> Work order: An exact transcription is needed of the lines below from the one with "2126 Windrow Drive" through the one with "Oven-baked bacon twists, golden", with no other lines and no pictures.

> Given records:
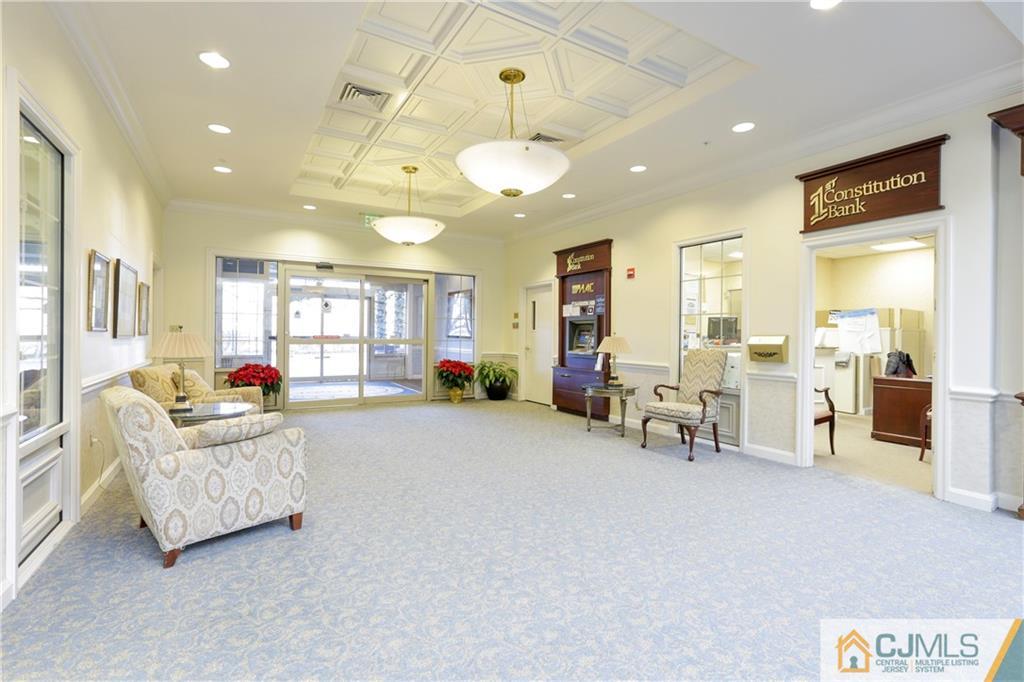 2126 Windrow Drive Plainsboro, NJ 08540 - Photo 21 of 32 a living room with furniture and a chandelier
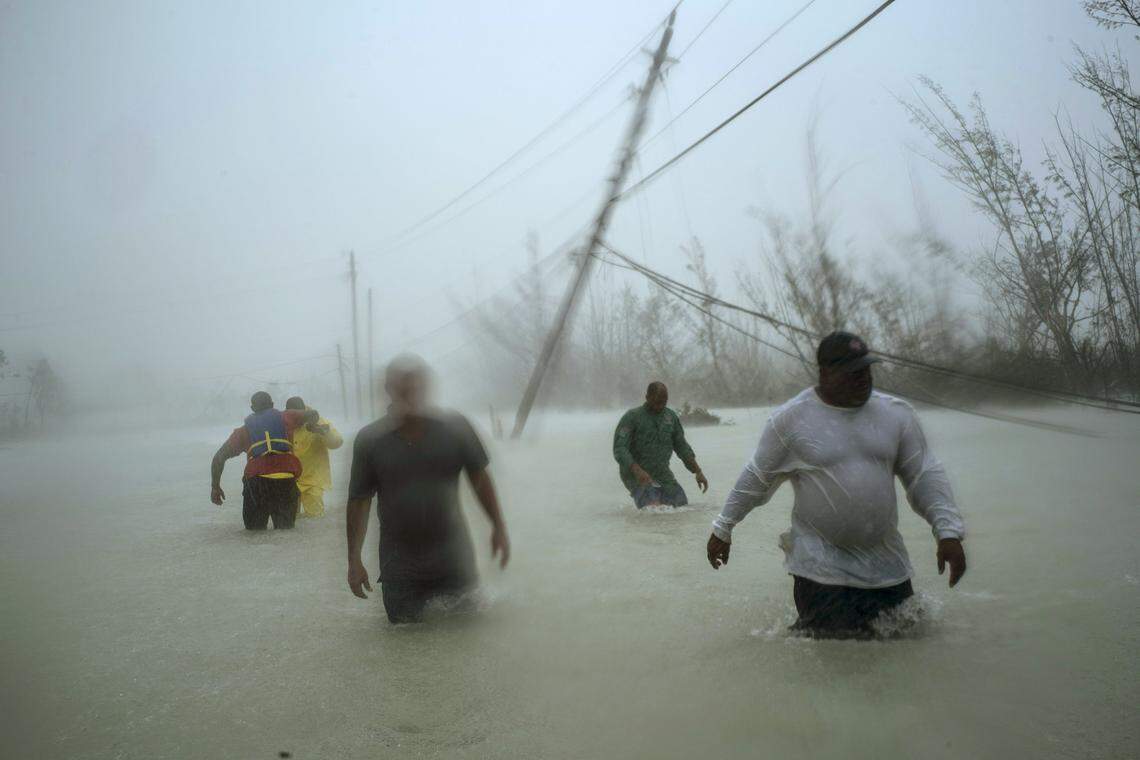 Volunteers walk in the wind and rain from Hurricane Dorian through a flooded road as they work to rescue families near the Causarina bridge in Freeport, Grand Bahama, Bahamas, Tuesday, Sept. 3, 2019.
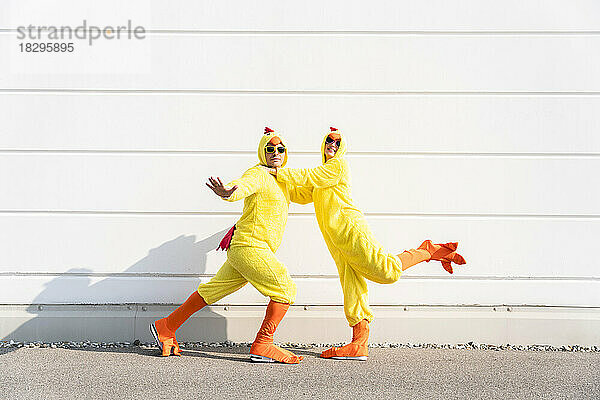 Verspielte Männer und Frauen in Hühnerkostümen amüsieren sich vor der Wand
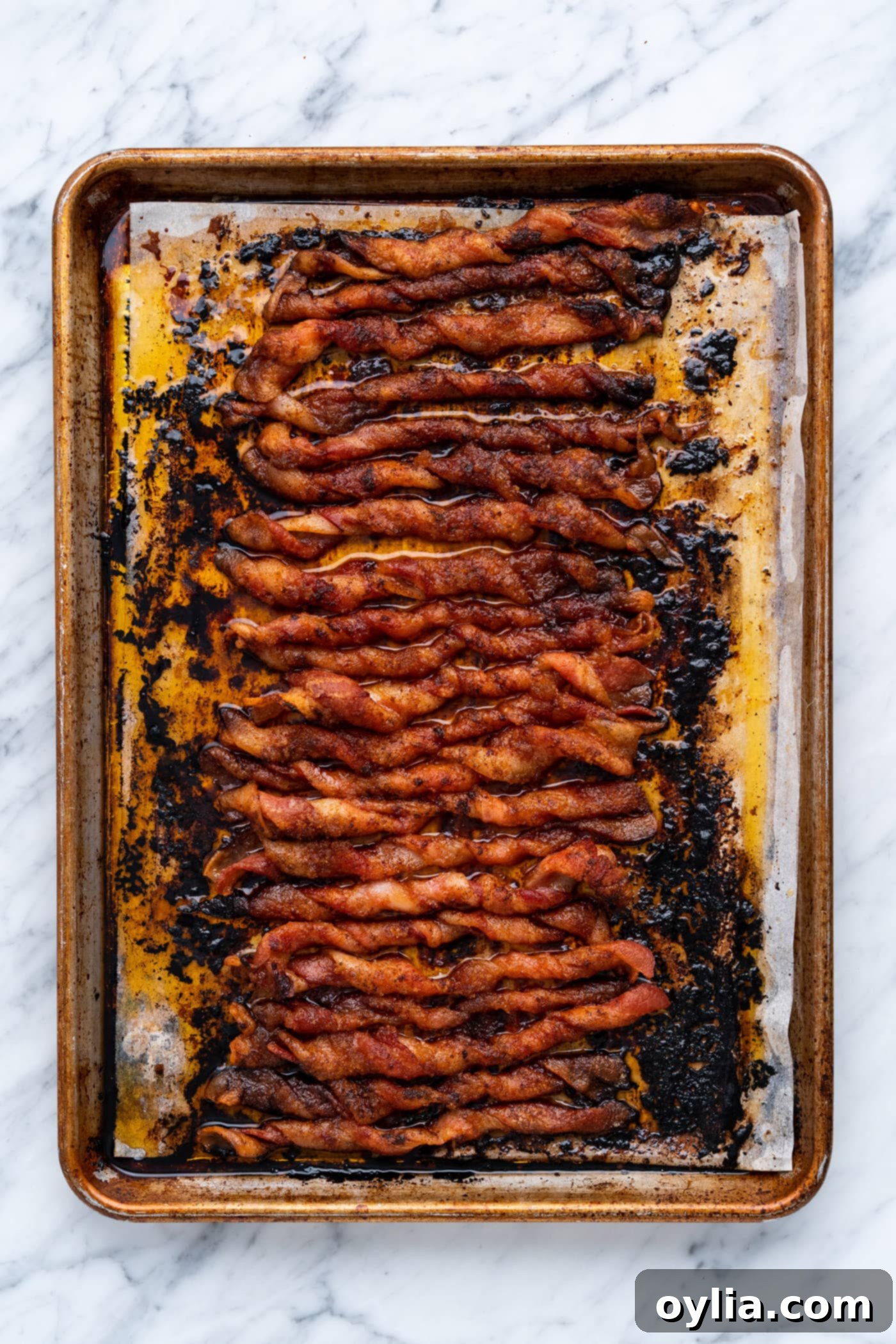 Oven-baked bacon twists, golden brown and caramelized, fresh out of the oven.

...

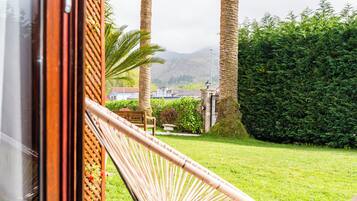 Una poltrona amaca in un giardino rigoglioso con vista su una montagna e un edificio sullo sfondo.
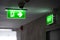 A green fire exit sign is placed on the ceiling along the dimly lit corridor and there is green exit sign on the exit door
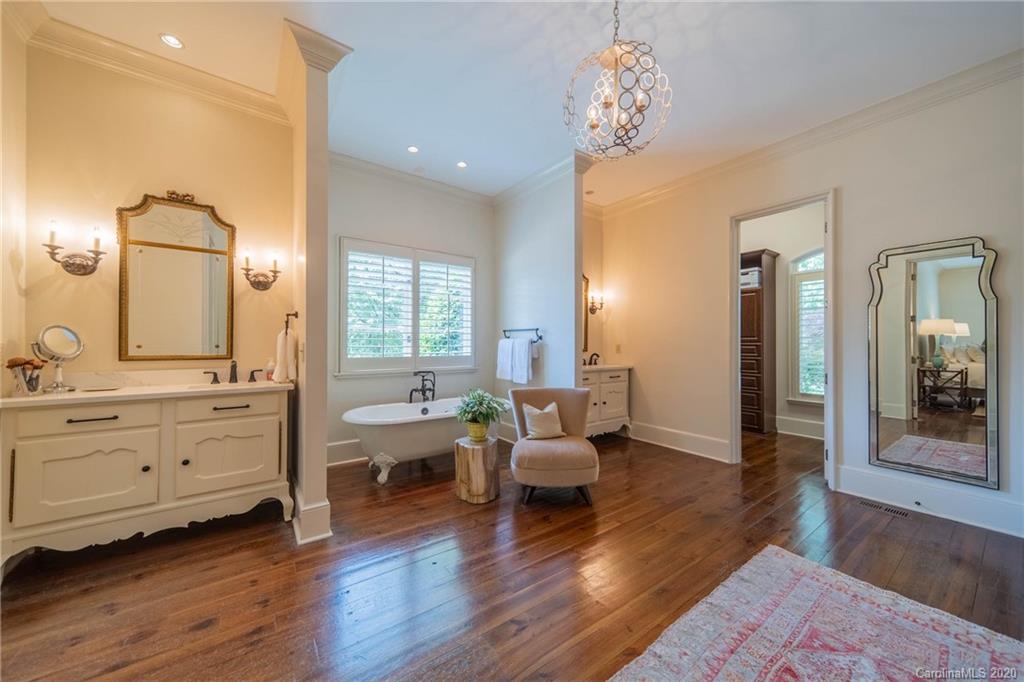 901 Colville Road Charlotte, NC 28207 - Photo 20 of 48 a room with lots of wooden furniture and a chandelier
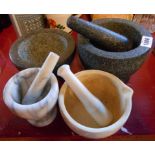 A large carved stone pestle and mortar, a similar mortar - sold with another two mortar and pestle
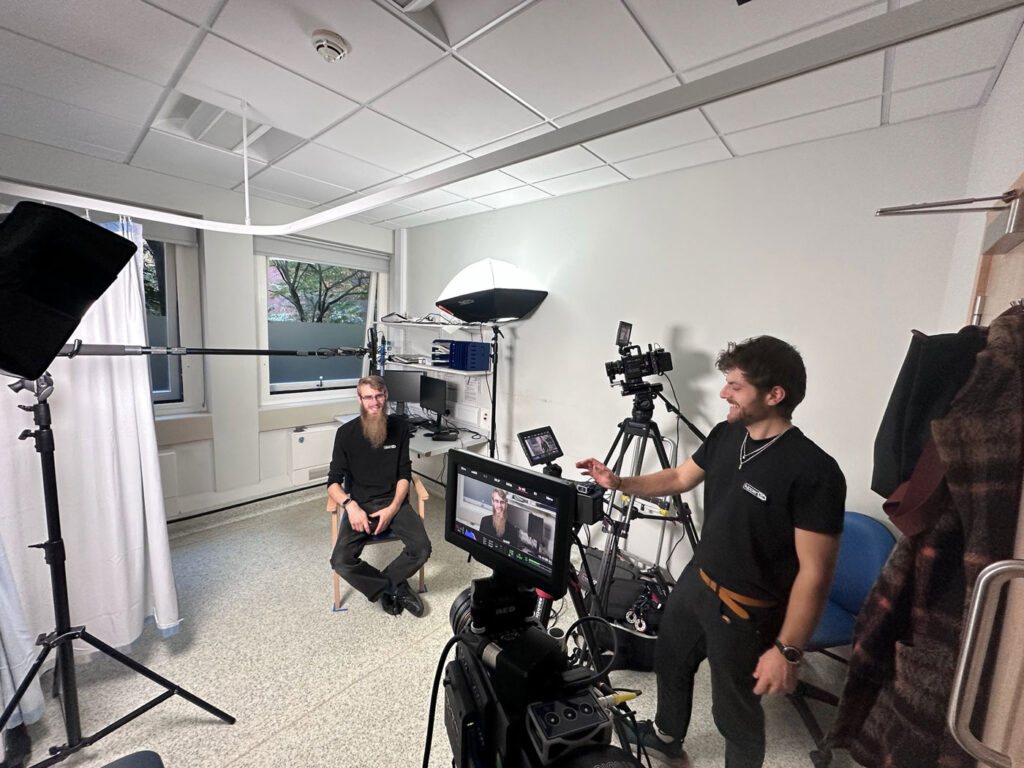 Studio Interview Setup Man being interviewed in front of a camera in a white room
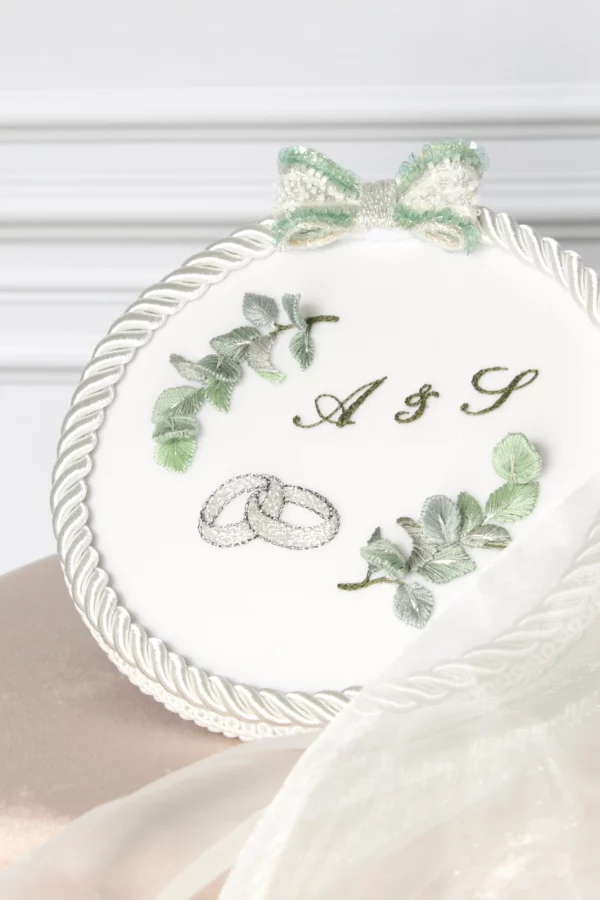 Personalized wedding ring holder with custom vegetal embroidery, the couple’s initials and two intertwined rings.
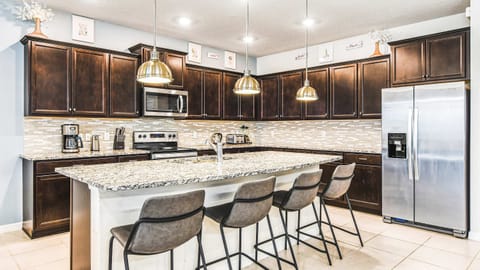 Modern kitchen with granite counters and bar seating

> Worked solution:
 2126 Windrow Drive Plainsboro, NJ 08540 - Photo 21 of 32 a living room with furniture and a chandelier
 Volunteers walk in the wind and rain from Hurricane Dorian through a flooded road as they work to rescue families near the Causarina bridge in Freeport, Grand Bahama, Bahamas, Tuesday, Sept. 3, 2019.
 Verspielte Männer und Frauen in Hühnerkostümen amüsieren sich vor der Wand
 Oven-baked bacon twists, golden brown and caramelized, fresh out of the oven.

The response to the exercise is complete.